Six years ago, Abigail Scott of Wichita Falls, Texas—now 37 and a graduate student in psychology with a master’s in history—had an experience routinely scary for a pregnant woman. But, had it happened a week from today, it could have been fatal.
Early in her pregnancy, an ER doctor erroneously told her she was carrying only one fetus, when in fact she was carrying twins, one of whom had failed to thrive. By the time she found herself having a full-on miscarriage of one of the two in her tenth week, she went to a hospital, enabling the complex miscarriage to be safely accomplished and her health and the surviving fetus’s health to be protected.
But suppose a nurse had come to her in the ob-gyn admitting room had said, “Ms. Scott, I must inform you that if you miscarry in our facility, we will legally have to A) Ask you for the date of your last menstrual period and verify it; B) Weigh the miscarried baby to see if it is over 350 grams; C) if you were more than 20 weeks from your last menstrual period or the baby is over 350 grams, we will have to arrange for a funeral for it: cremation or burial. If you do not want to participate in the funeral”—pause—”that is your choice. But throughout Texas law are numerous affirmations that we are legally committed to the dignity of life, from the moment of fertilization on.”
If Scott knew that this warning would greet her at admissions, “I would not have even gone to the hospital! That’s like rubbing salt in the wound,” she says, of the piling of distrust, “stress and guilt on me. And had I not gone to the hospital, I might have gone [too long] without another visit to a physician before I realized I was still pregnant, since the original doctor misdiagnosed me.” The miscarriage may have been too complicated for her to safely manage.

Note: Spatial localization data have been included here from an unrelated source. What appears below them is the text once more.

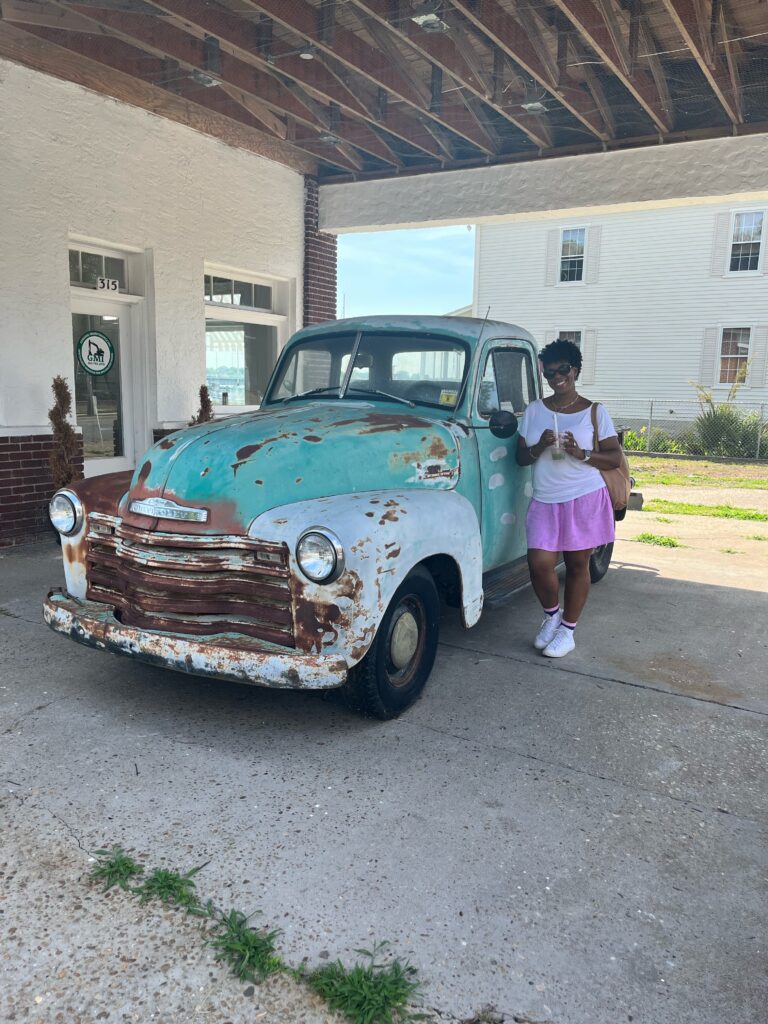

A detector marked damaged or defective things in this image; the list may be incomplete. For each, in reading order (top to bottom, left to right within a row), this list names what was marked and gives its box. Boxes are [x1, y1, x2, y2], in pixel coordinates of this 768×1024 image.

rusty truck hood [123, 397, 460, 532]
crack in concrete [438, 634, 768, 716]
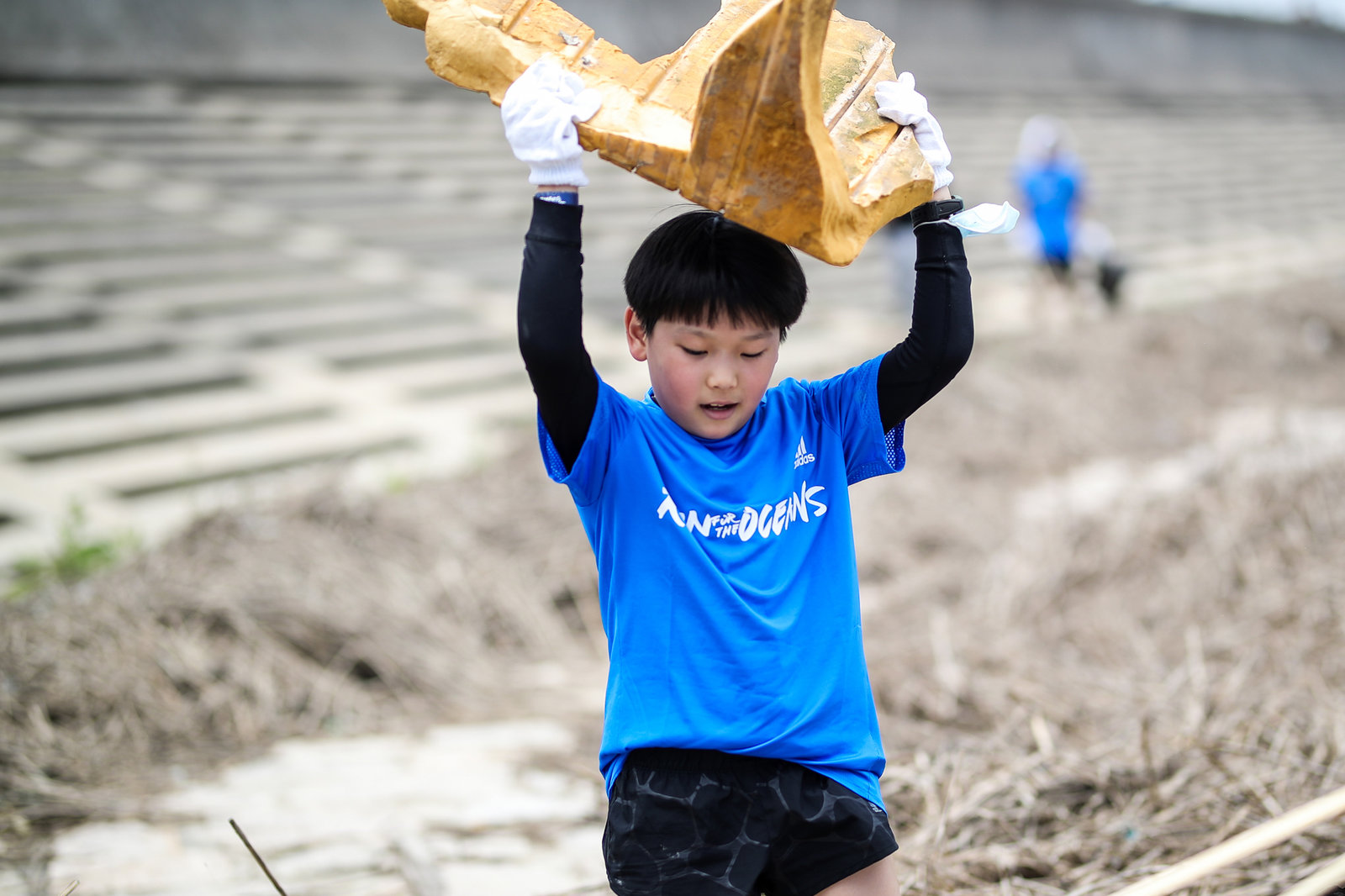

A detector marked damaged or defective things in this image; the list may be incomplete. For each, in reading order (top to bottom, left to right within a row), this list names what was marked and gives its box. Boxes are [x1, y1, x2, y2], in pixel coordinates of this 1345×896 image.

rusty metal object [382, 0, 935, 264]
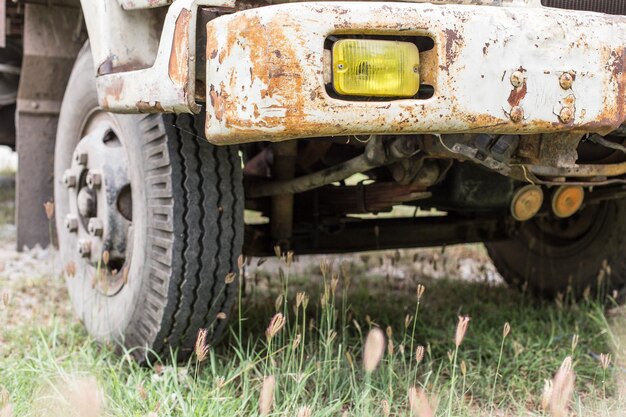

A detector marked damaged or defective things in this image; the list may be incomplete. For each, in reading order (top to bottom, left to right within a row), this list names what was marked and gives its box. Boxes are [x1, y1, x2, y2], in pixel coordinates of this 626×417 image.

corroded metal [202, 2, 624, 145]
rusty truck bumper [205, 2, 624, 145]
rusty bolt [86, 169, 102, 188]
rusty bolt [87, 216, 103, 236]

In the 1950s, there were coat-hanger abortions. Today, there is a different kind of threat: life-endangering at-home miscarriages—by Texas women (and women in Ohio and soon possibly other states, too—we’ll get to that in a minute), trying to avoid the governmentally validated nosiness, suspicion and intrusion that Scott said would have had her running for the hospital exit. And even greater anguish, shame, and danger for women choosing to have abortions at facilities in Texas, the Lone Star State is the second most populous one in the union, but, in contrast to the first most populous (California, which is progressive on abortion), it has cut its already paltry number of abortion clinics by 50 percent in just three years. (According to a representative of national Planned Parenthood, there are 5.4 million women of reproductive age in Texas; there are only about 20 licensed abortion clinics, down, a full 50 percent, from 2013.)

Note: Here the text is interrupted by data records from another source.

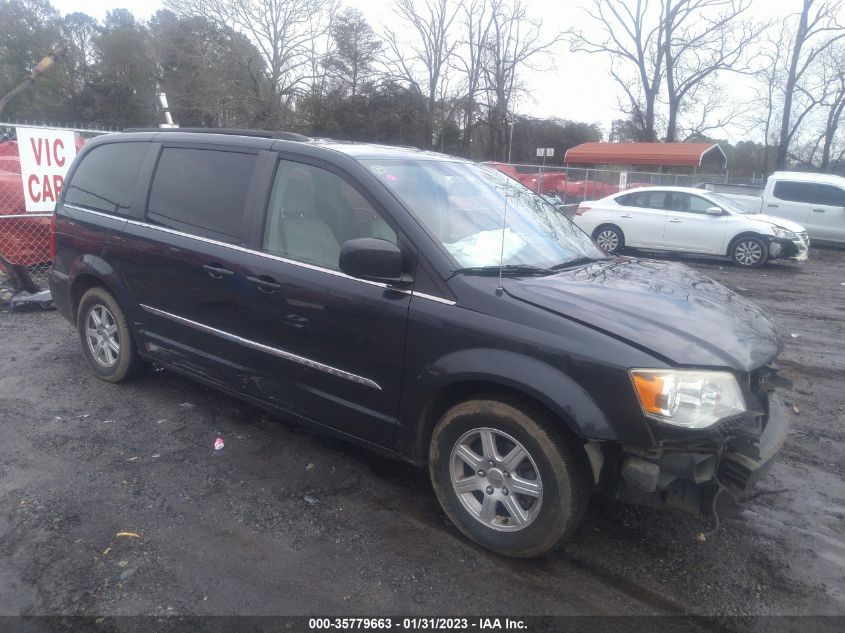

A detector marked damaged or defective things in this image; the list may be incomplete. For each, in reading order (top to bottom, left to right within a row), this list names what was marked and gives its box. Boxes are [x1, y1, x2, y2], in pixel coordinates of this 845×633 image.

exposed headlight [628, 368, 744, 428]
damaged front bumper [612, 388, 784, 516]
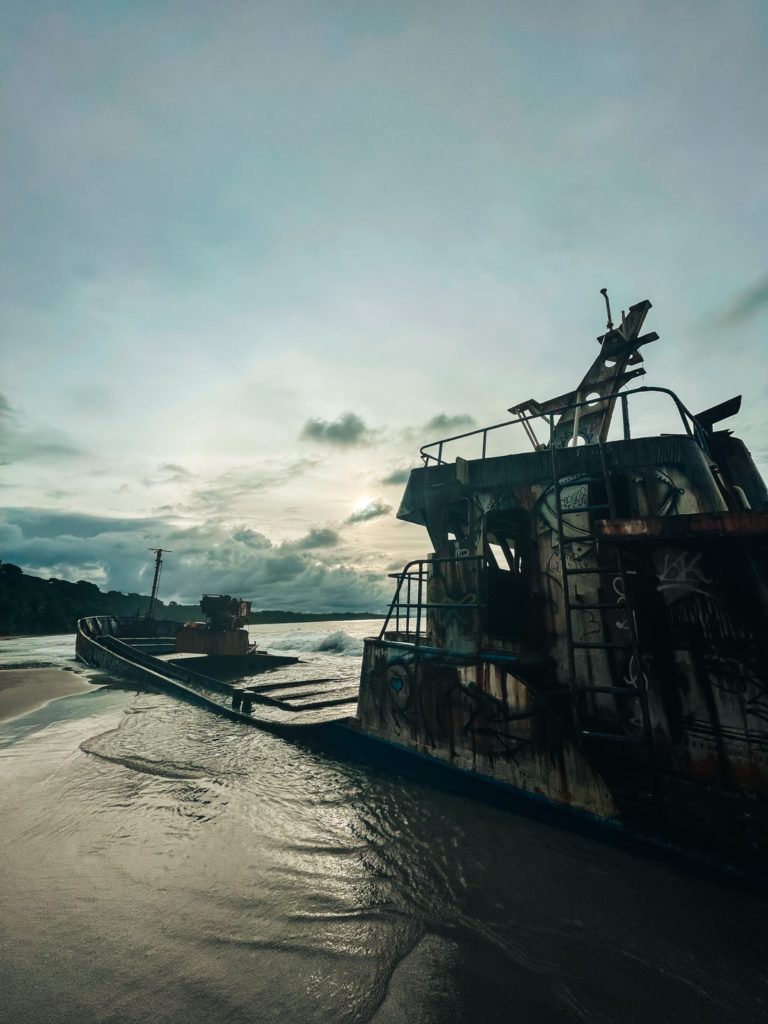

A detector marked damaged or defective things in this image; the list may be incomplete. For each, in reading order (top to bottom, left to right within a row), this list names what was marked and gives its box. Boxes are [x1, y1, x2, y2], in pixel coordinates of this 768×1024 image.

rusty shipwreck [350, 294, 768, 872]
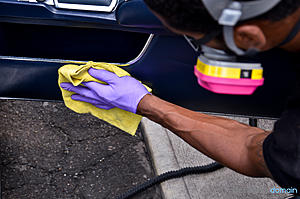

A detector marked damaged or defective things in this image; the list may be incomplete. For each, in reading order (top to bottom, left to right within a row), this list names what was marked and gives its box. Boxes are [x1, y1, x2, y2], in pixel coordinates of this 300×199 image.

cracked asphalt [0, 100, 162, 198]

As of December 19, all women in Texas in Abigail Scott’s condition—and, more relevantly, all woman in the state who are getting an abortion—will have to suffer through a version of that scenario. A new law (T A C 1.132-1.137) aggressively backed by Texas Gov. Greg Abbott and the legislature will require that all abortions and certain miscarriages and ectopic pregnancies be accompanied with burial or cremation of the fetus.

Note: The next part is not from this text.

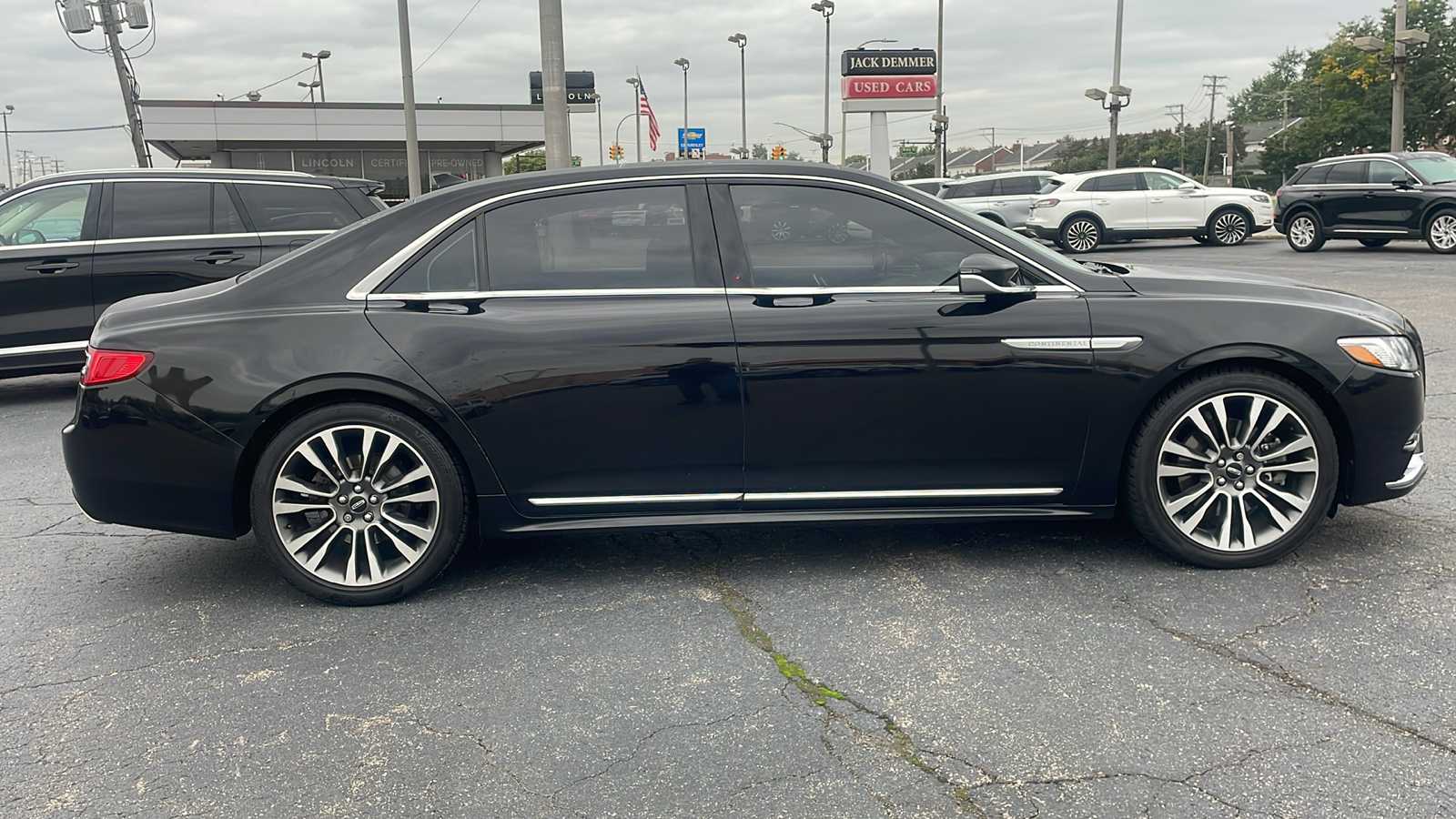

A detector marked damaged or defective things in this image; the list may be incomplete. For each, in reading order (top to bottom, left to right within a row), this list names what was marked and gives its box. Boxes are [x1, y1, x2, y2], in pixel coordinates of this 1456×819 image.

pavement crack [699, 568, 997, 815]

Other than a similar law introduced by Indiana’s then-govenor and now vice president-elect, the fervently anti-choice Mike Pence, which has been blocked by a federal court, the Texas law is unique. But its enactment will send a strong signal to other states to do so the same. Moreover, though health is gratuitously mentioned, the assertion that Texas law consistently prioritizes “the dignity of life,” which [emphasis added] “begins with fertilization” is, front and center, the law’s rationale. Those last three words are deeply authoritarian. And they make vulnerable to restriction some of the most reliable forms of contraception, such as the IUD, which once made women’s lives so easy and worry-free: you had virtually foolproof protection 24/7. Until you proactively decided to remove the device and get pregnant. (I loved the IUD so much that when I had to have my Dalkon Shield surgically removed—the Dalkon Shield was an early, famously dangerous version—I had an improved form of IUD reinserted the minute my body healed enough to take it.) Contraception, let us not forget, became legally available, via the Enovid birth control pill, in 1960, 13 years before Roe legalized abortion. Contraception revolutionized women’s life—revolutionized society—more than any other innovation in the 20th century. To go back and delegitimize some forms of contraception (and cast suspicion on miscarriage) is frighteningly backward. Yet the sweeping, arbitrary assertion upon which that delegitimization and suspicion is based—that life begins “at fertilization”—is declaimed dozens of times by the Texas Department of State Health Services (DSHS), which will be administering the law, within a 73-single-spaced-page document. The DSHS hurriedly produced that document last month to answer outraged critics in the women’s health services community and concerned, question-proffering groups in the hospital and funeral industries who had written in about the imminent law, which was presented as a virtual fait accompli in June.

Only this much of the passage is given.